● What to work on
Taking the entries below, transcribe only the lines starting with the one with "Mild Indian Good Friday Vegetable Soup" and going on through the one with "TECNIUM Street Organic Brake pads - MA310", exactly as written, without the pictures.

● Provided data
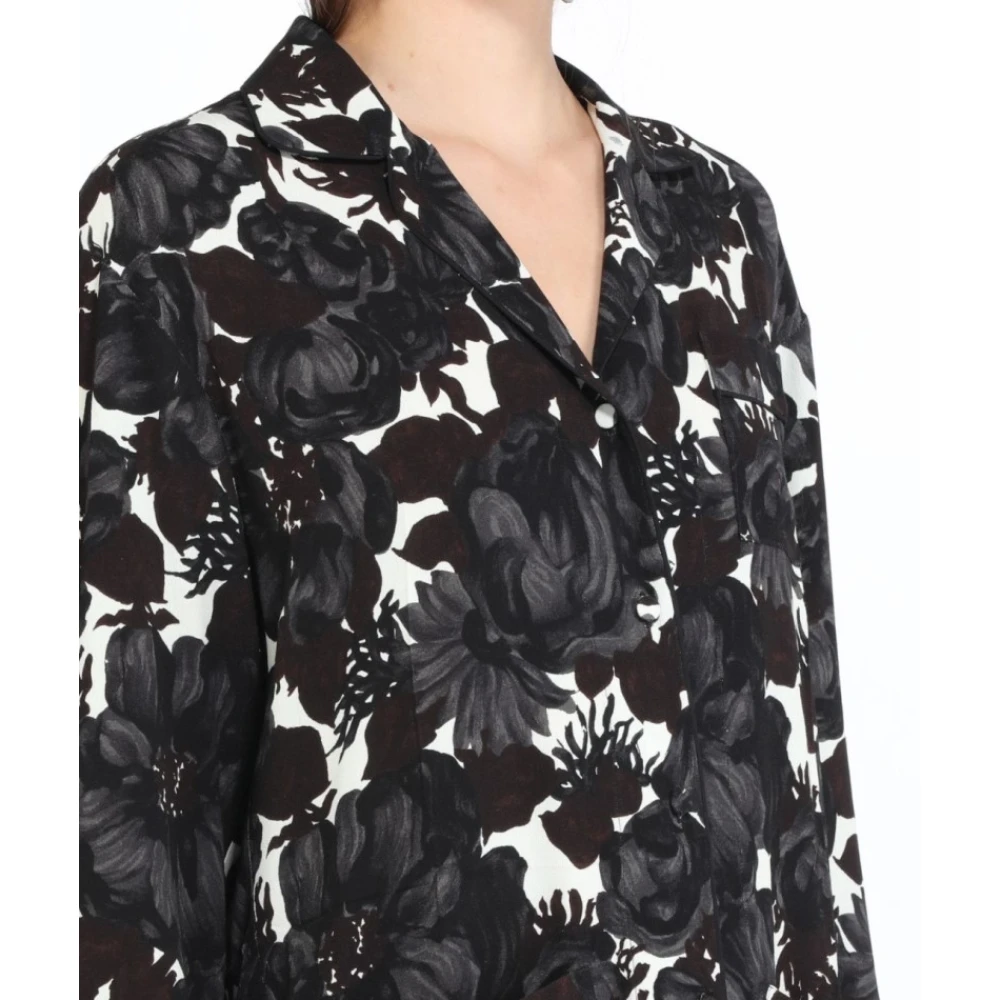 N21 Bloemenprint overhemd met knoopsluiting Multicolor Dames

==

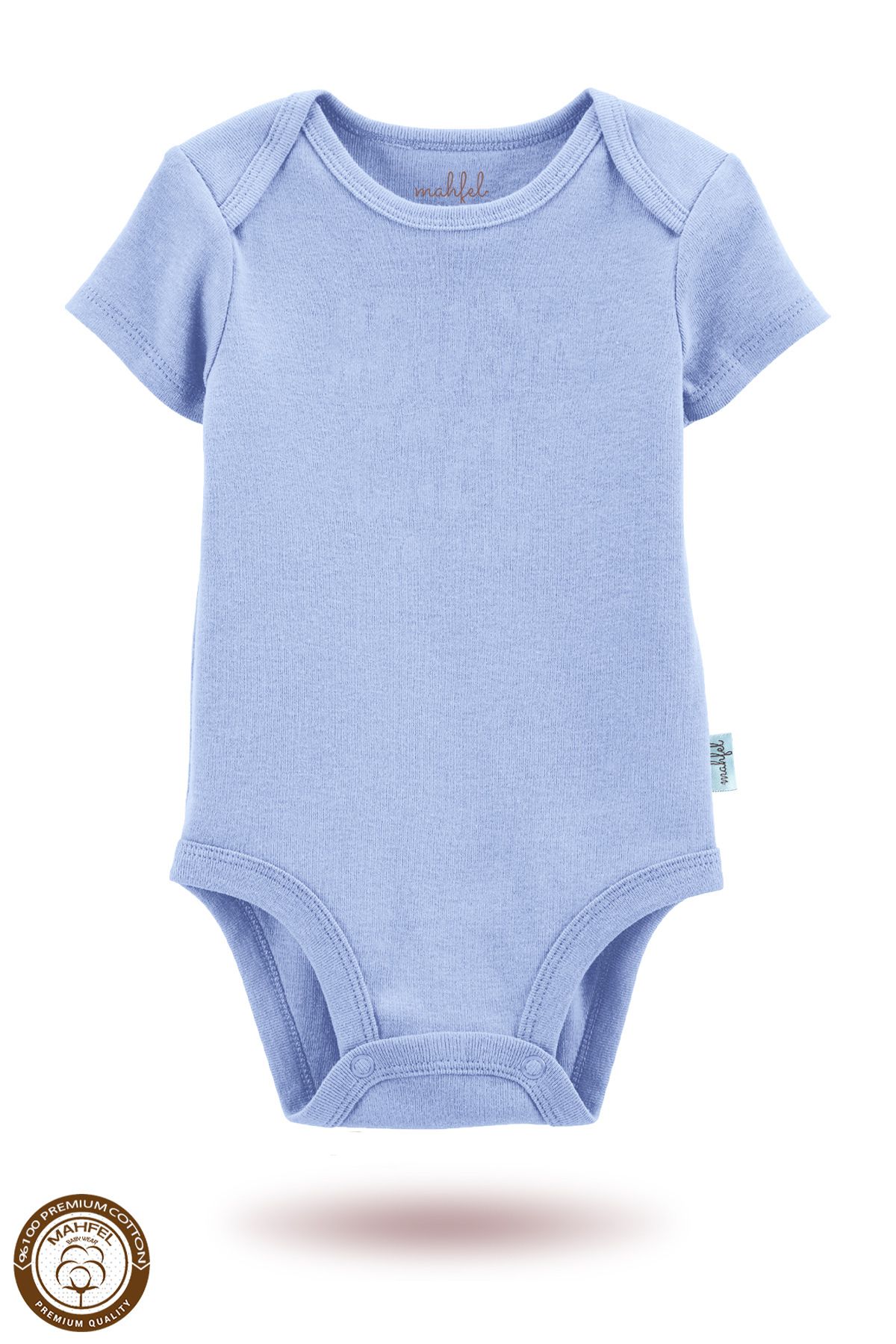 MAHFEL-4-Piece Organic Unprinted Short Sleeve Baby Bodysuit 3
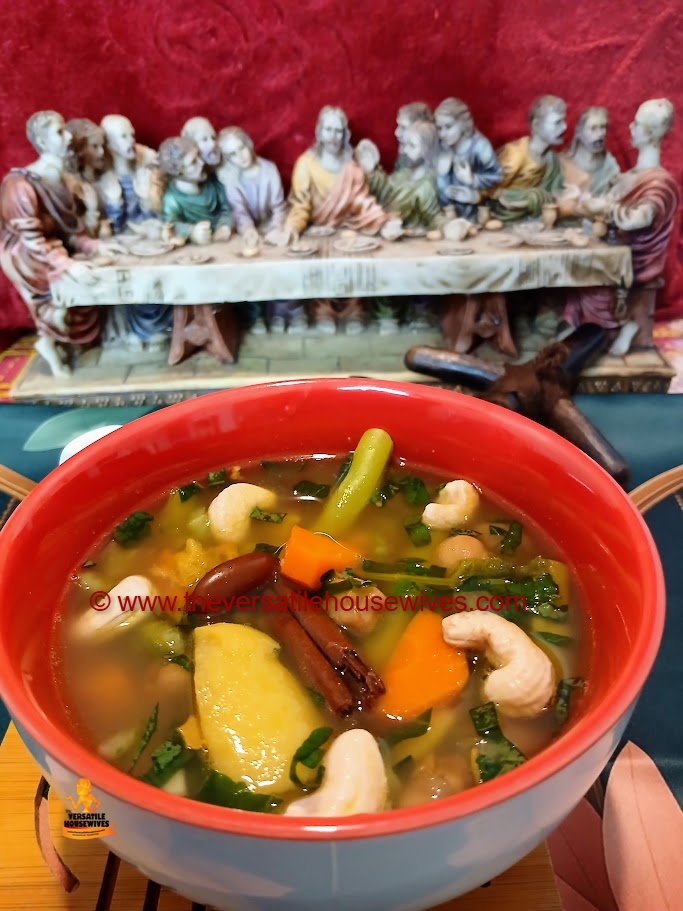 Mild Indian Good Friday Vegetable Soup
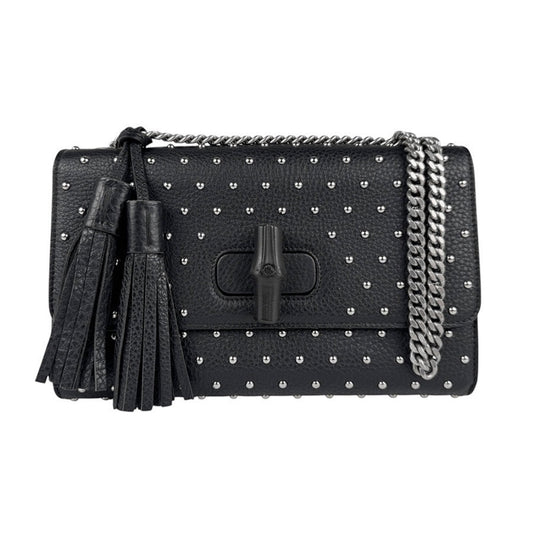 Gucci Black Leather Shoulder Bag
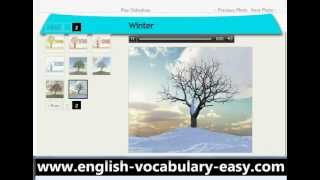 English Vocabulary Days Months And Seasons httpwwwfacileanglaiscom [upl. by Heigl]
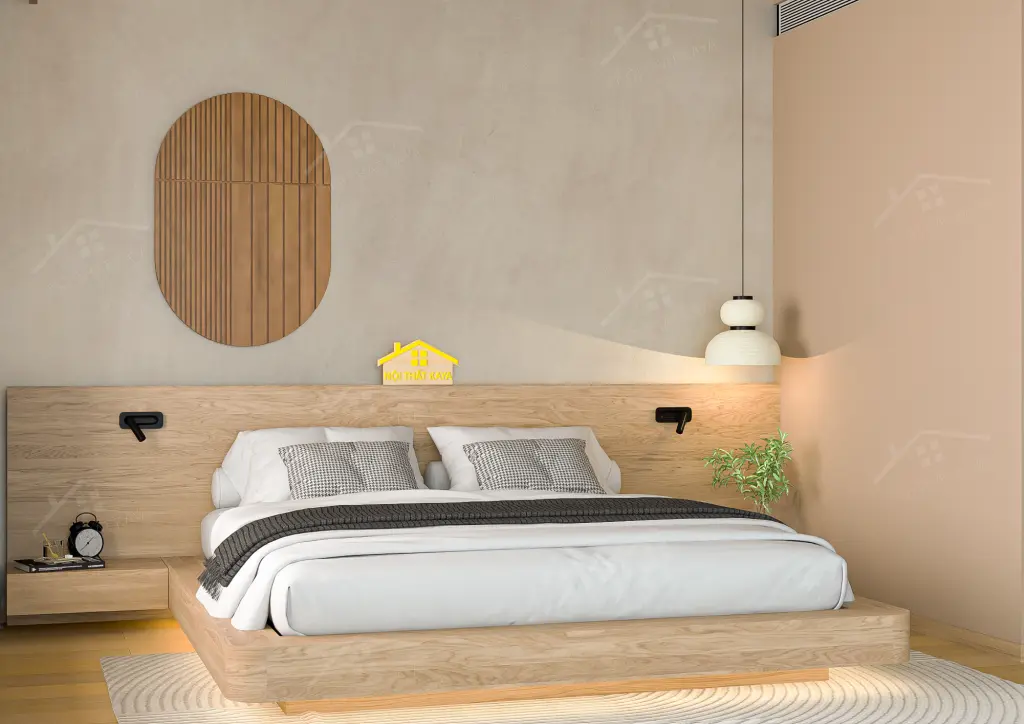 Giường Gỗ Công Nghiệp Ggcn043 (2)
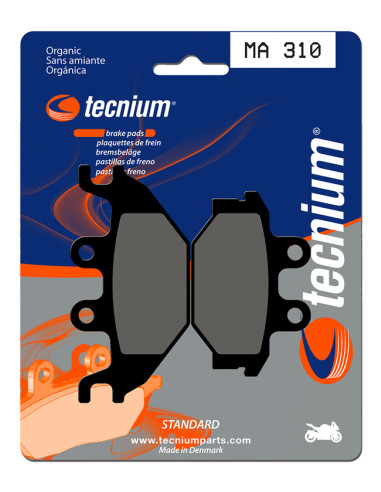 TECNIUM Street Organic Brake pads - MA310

● Written answer
 Mild Indian Good Friday Vegetable Soup
 Gucci Black Leather Shoulder Bag
 English Vocabulary Days Months And Seasons httpwwwfacileanglaiscom [upl. by Heigl]
 Giường Gỗ Công Nghiệp Ggcn043 (2)
 TECNIUM Street Organic Brake pads - MA310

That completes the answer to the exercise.